▶ [Dataset excerpt]
= = = =
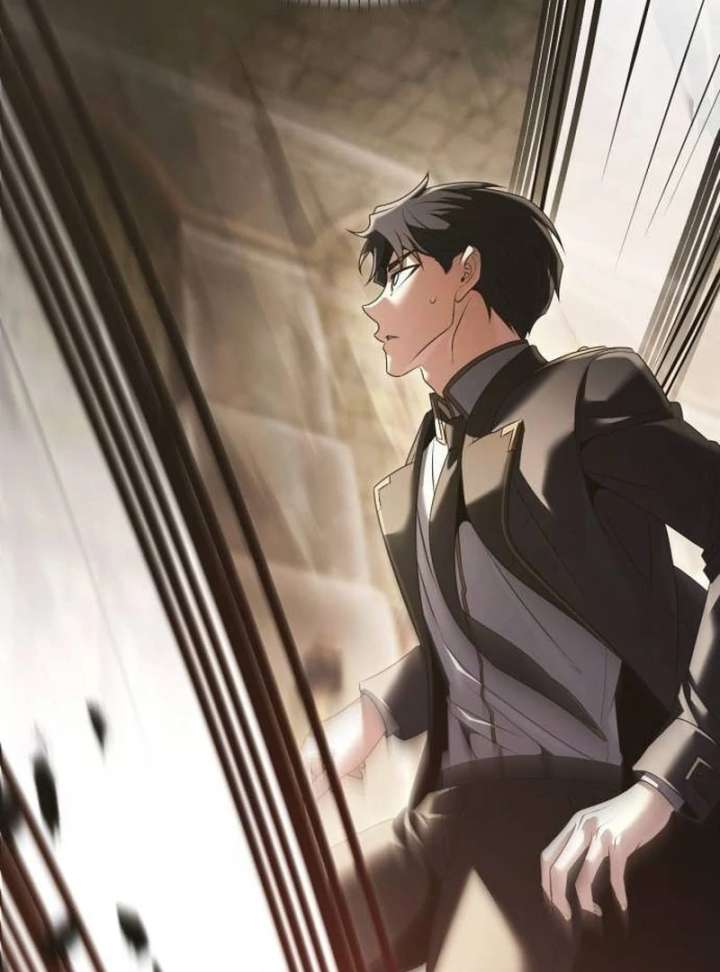 Read The Back-Alley Mage’s Return Manga Online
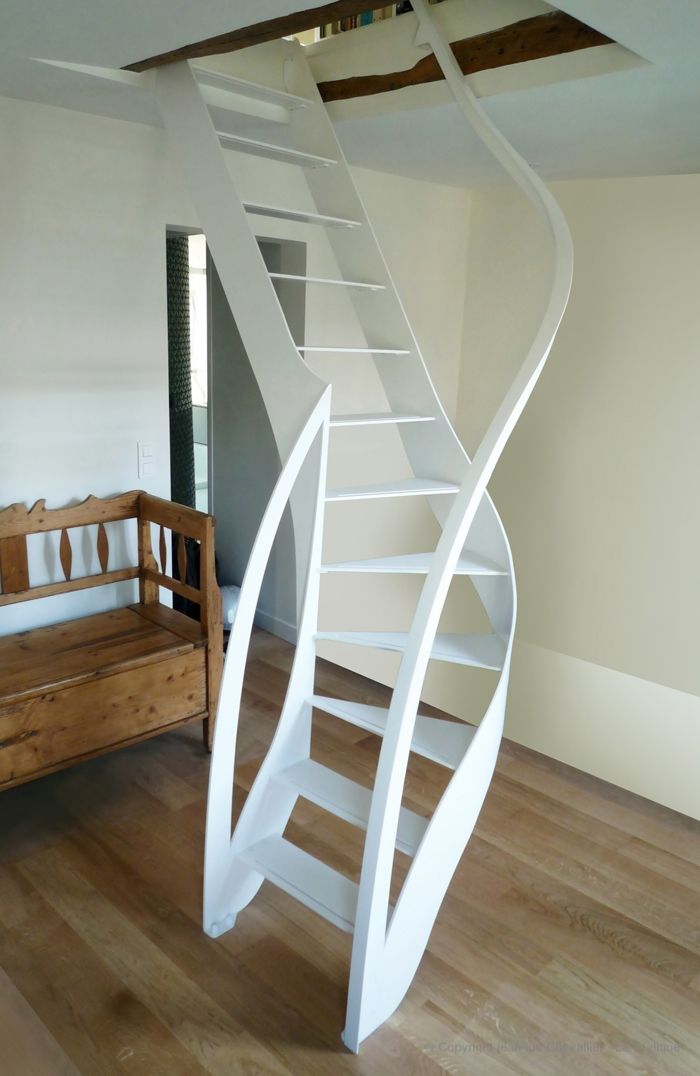 Escalier design - La Stylique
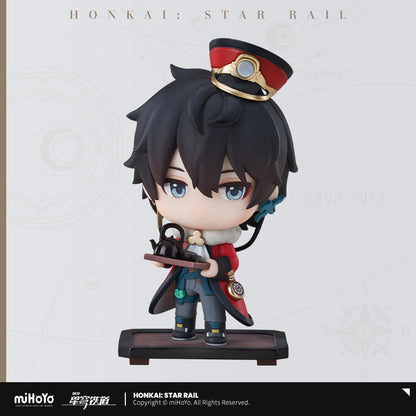 [Official Merchandise] Express Welcoming Party Mini Figure | Honkai: Star Rail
= = = =
▶ [Work task]
Return the material exactly as it reads, though without the pictures it holds.

▶ [Output for this exercise]
 Read The Back-Alley Mage’s Return Manga Online
 Escalier design - La Stylique
 [Official Merchandise] Express Welcoming Party Mini Figure | Honkai: Star Rail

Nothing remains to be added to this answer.